__Data for analysis__.
■ ■ ■
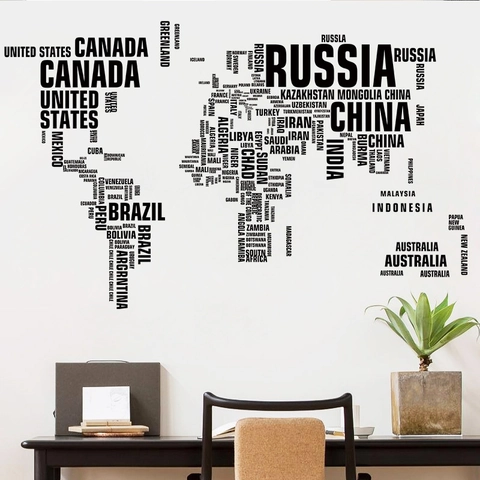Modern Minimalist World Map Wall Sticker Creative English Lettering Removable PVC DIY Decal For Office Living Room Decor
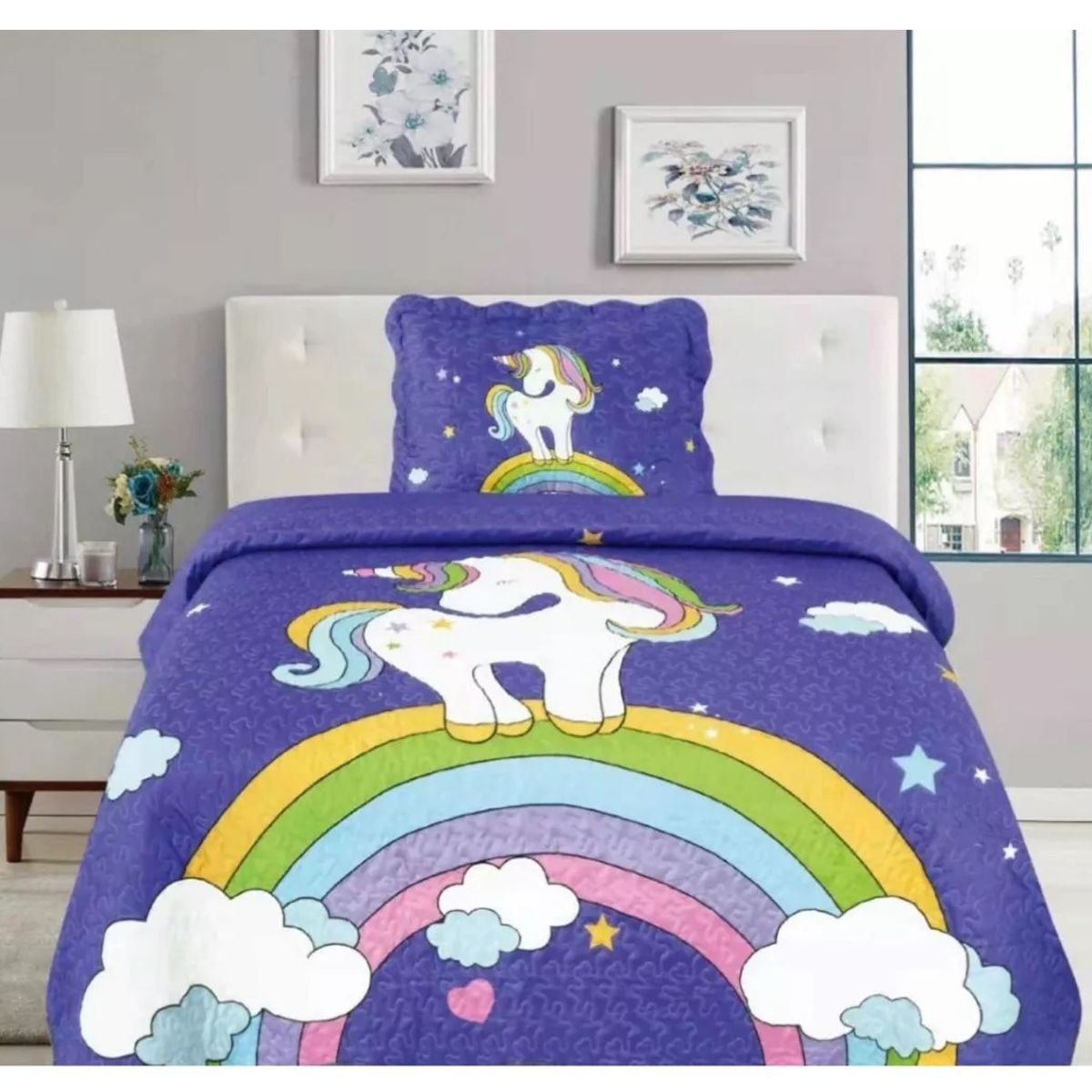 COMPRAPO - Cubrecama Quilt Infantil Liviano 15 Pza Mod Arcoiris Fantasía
■ ■ ■
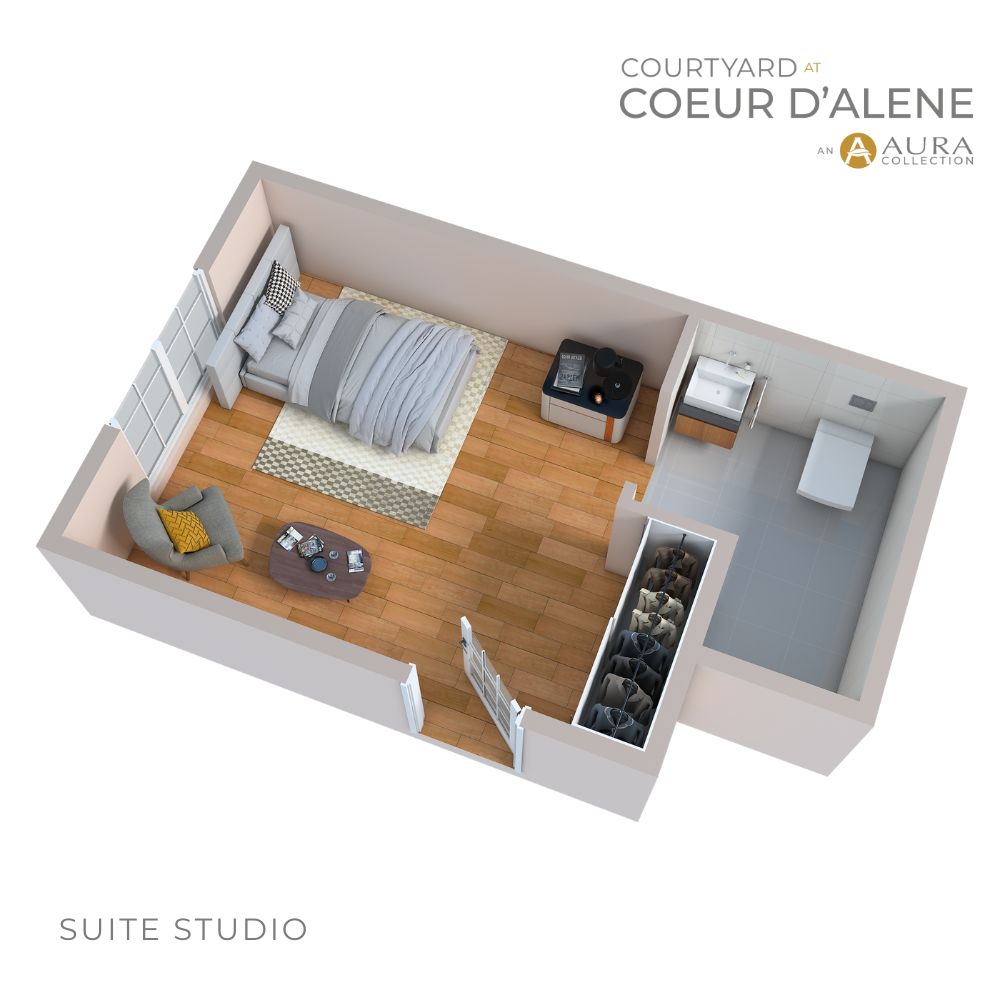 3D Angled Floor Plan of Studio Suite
■ ■ ■
__Required action__.
What lines above run from the one with "Modern Minimalist World" to the one with "COMPRAPO - Cubrecama"? Give them again exactly, ends included, and leave the pictures out.

__Result of the exercise__.
Modern Minimalist World Map Wall Sticker Creative English Lettering Removable PVC DIY Decal For Office Living Room Decor
 COMPRAPO - Cubrecama Quilt Infantil Liviano 15 Pza Mod Arcoiris Fantasía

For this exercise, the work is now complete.